TEM measurements were performed on a 7000 electron microscope (Hitachi Japan) at 80 kV and JEOL JEM-3010 (Nihon Denshi) at 100 kV. His-HP fibril samples (10 μL), diluted 20-fold with Milli Q water, were placed on copper grid (200 mesh) covered with carbon coated collodion film (Nisshin EM collodion film #6511 and excel support film #649). After 1 min, 5 µL of 1% phosphotungstic acid (pH 7.0) was supplemented and incubated for 30 s. The solution was removed carefully with a filter paper, followed by air-drying prior to examination. The observation magnification was usually 20,000-fold.

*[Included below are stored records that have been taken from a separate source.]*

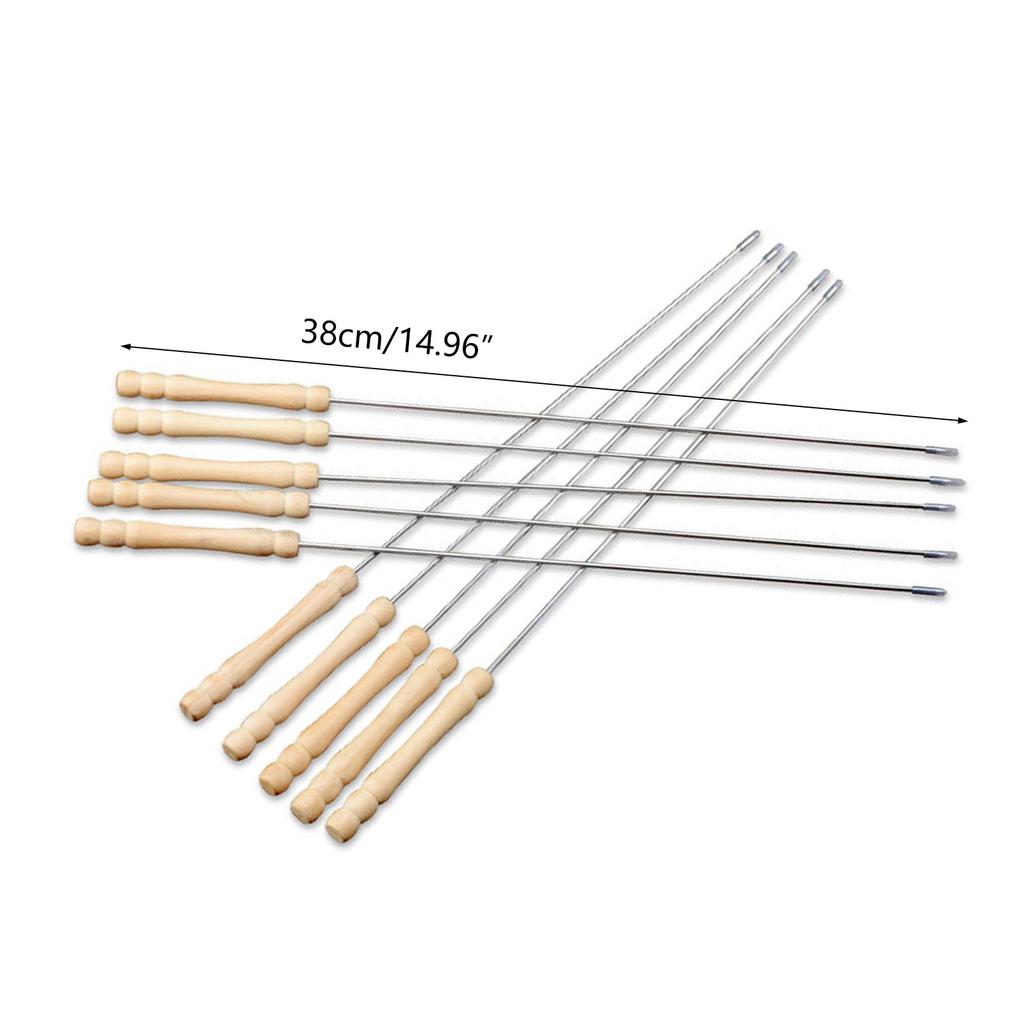 Набор из 10 шампуров для барбекю из нержавеющей стали с удобными деревянными ручками. Прочные круглые шампуры-палочки для кебаба, легко моются.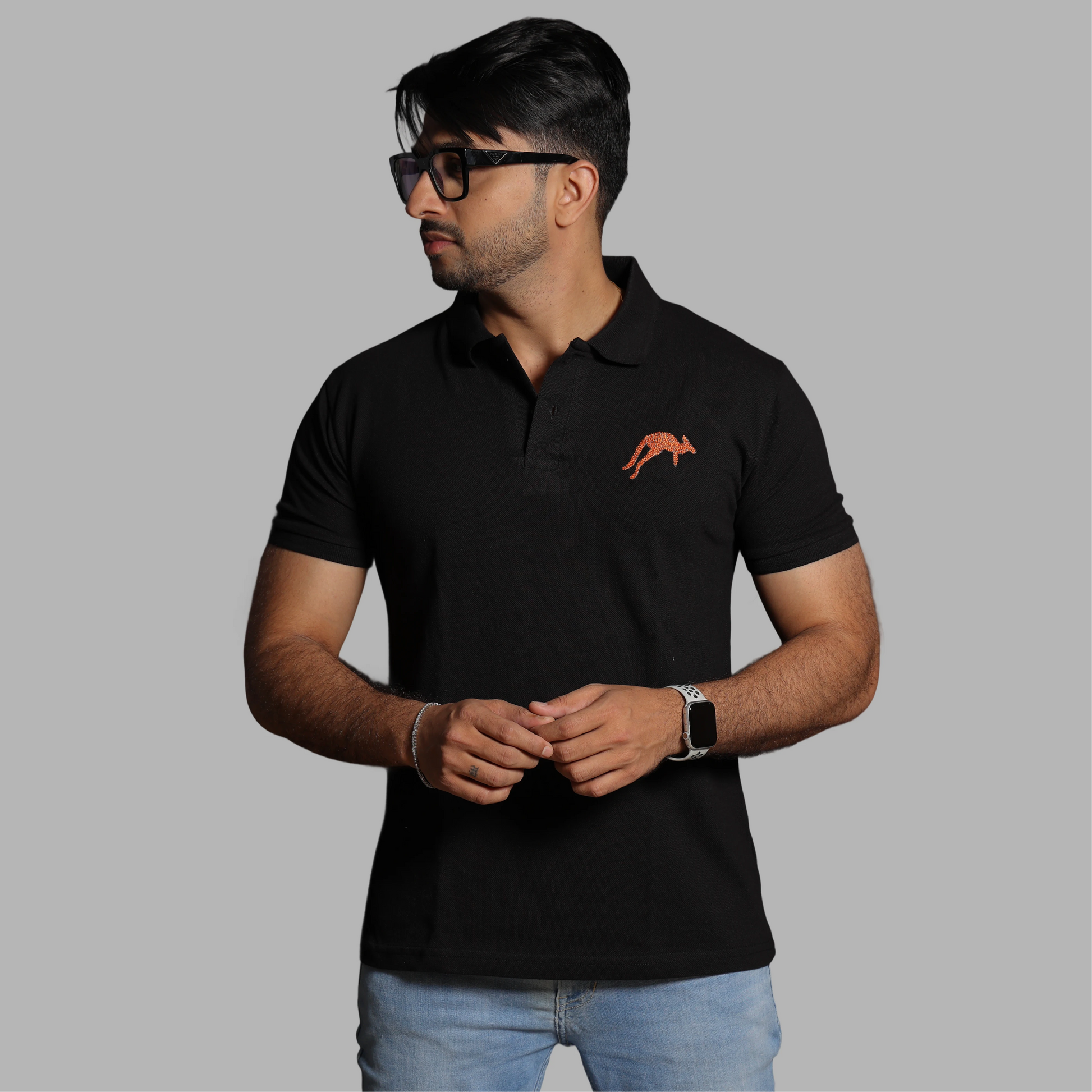 Black Polo with Embroidered Kangaroo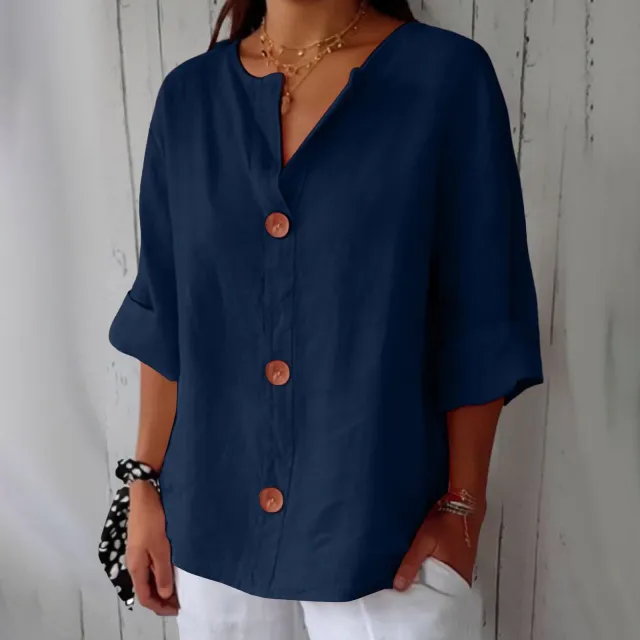 Loose Comfort And Casual V neck Cotton And Linen Button Top Blue - Shop at LoveMi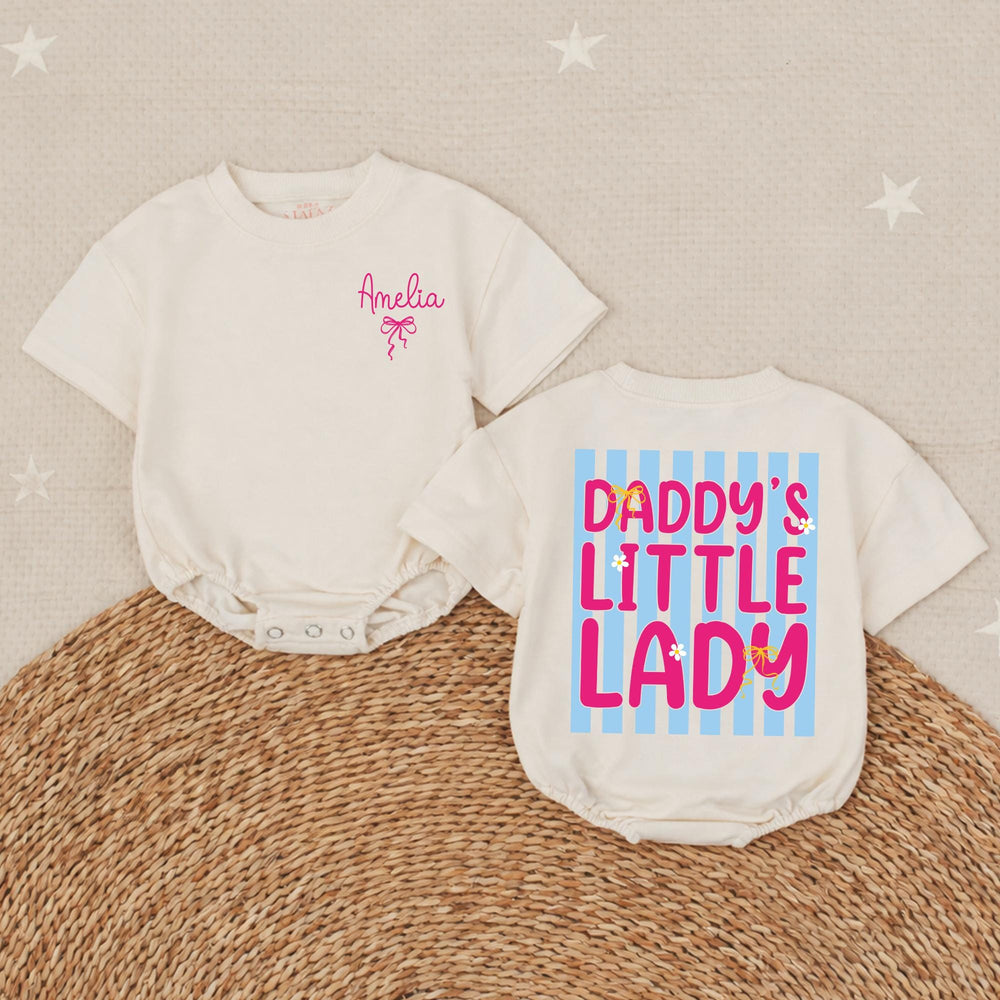 Personalized Baby Girl Bubble Romper with Pink Bow Daddy's Little Lady Blue Stripe Design Soft Cotton Outfit Gift for Girl Dad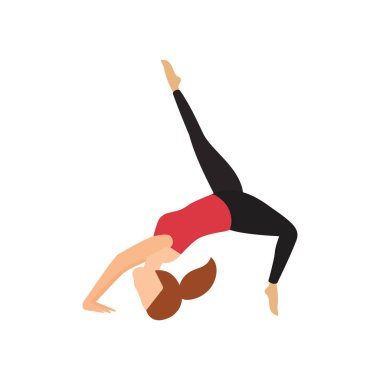 Kadın tek bacaklı duruşta yoga yapıyor.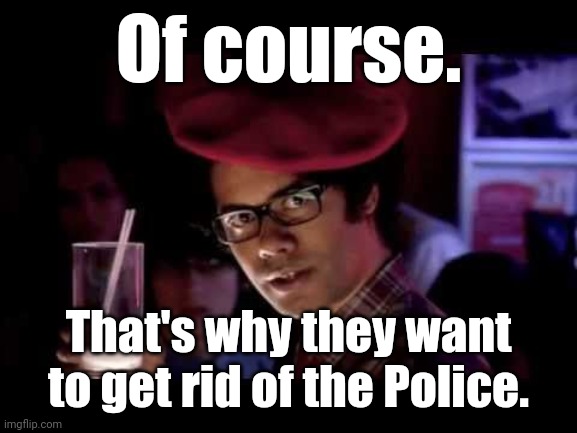 Maurice Moss in red beret says: | Of course. That's why they want to get rid of the Police. | image tagged in maurice moss in red beret says | made w/ Imgflip meme maker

Ten microliter of samples, diluted 40-fold with Milli Q pure water, were placed on freshly cleaved mica and dried in a vacuum desiccators for 5 min. Samples in atmosphere were imaged with a JEOL JSPM-5200 (Nihon Denshi) AFM. Cantilevers with etched silicon tips (Olympus) having a resonance frequency of 300 kHz were used with tapping mode. The scan rate was 0.5–1 Hz with a pixel number of 512 × 512.
SDS-PAGE was carried out according to Laemmli and Schägger and Jagow. Protein amount was determined by A280 measurement or bicinconic acid method.
The authors thank Dr. R. Yamaguchi for protein expression and helpful discussion. They also thank Mr. M. Sogawa for technical suggestion and helpful discussion.